History of polystyrene and how polystyrene was invented
Polystyrene is a synthetic aromatic polymer made from the monomer styrene, a liquid petrochemical. Polystyrene can be rigid or foamed. General purpose polystyrene is clear, hard and brittle. It is a very inexpensive resin per unit weight. It is a rather poor barrier to oxygen and water vapor and has relatively low melting point. Polystyrene is one of the most widely used plastics, the scale of its production being several billion kilograms per year. Polystyrene can be naturally transparent, but can be colored with colorants
Polystyrene was invented in 1839 by Eduard Simon,in Berlin.Polystyrene was made from storax which was a resin of the Turkish sweet gum tree,Eduard Simon distilled an oily substance, a monomer that he named styrol.
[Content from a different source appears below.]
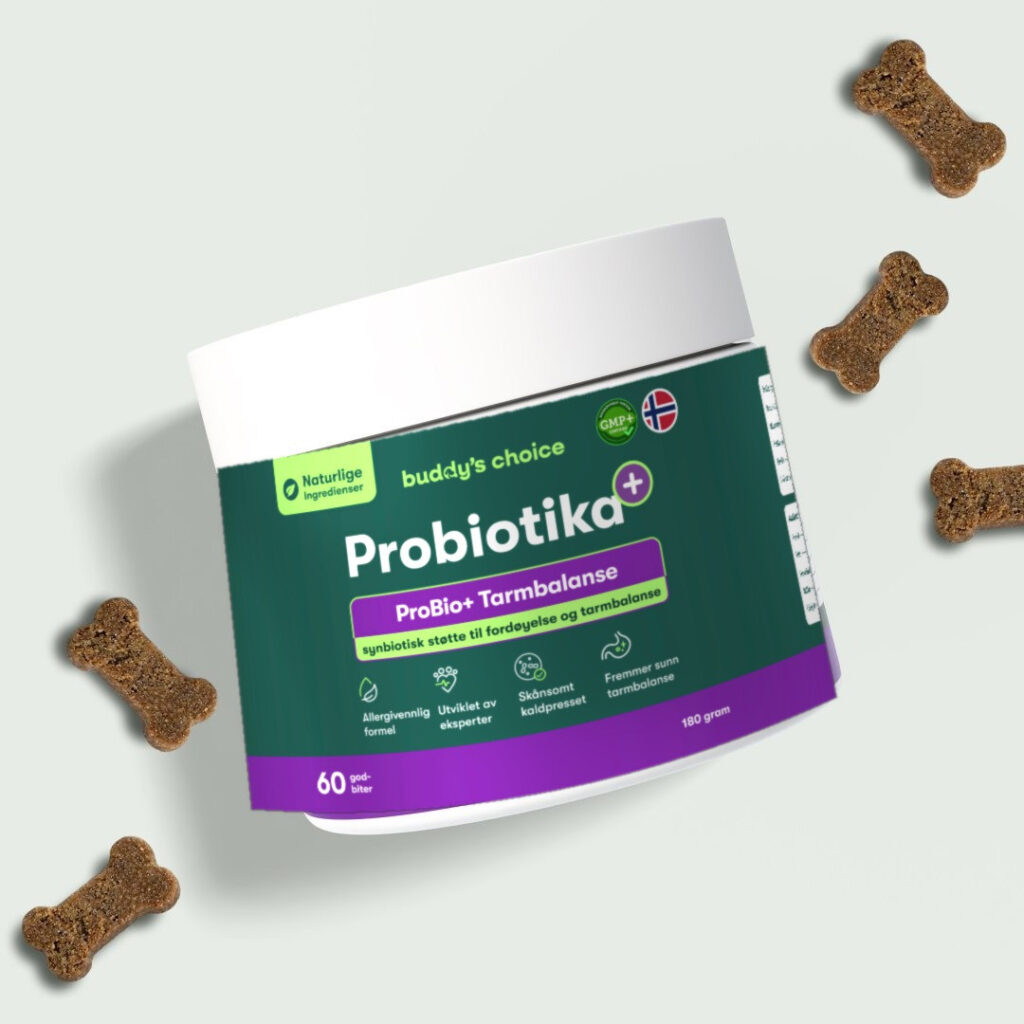 Beholder med Probiotika til hunde ProBio+ tarmbalance, grøn etiket og knogleformede godbidder omkring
After several Days he founded that styrol(Polystrne) had thickened,presumably from oxidation, into a jelly he dubbed styrol oxide (“Styroloxyd”).
By 1845 Jamaican-born chemist John Buddle Blyth and German chemist August Wilhelm von Hofmann showed that the same transformation of styrol took place in the absence of oxygen. They called their substance metastyrol. Analysis later showed that it was chemically identical to Styroloxyd. In 1866 Marcelin Berthelot correctly identified the formation of metastyrol/Styroloxyd from styrol as a polymerization process. About 80 years later it was realized that heating of styrol starts a chain reaction that produces macromolecules, following the thesis of German organic chemist Hermann Staudinger (1881–1965). This eventually led to the substance receiving its present name, polystyrene.
Then after companies began manufacturing polystyrene in hoping it would be a suitable replacement for die-cast zinc in many applications. Success was achieved when they developed a reactor vessel that extruded polystyrene through a heated tube and cutter, producing polystyrene in pellet form.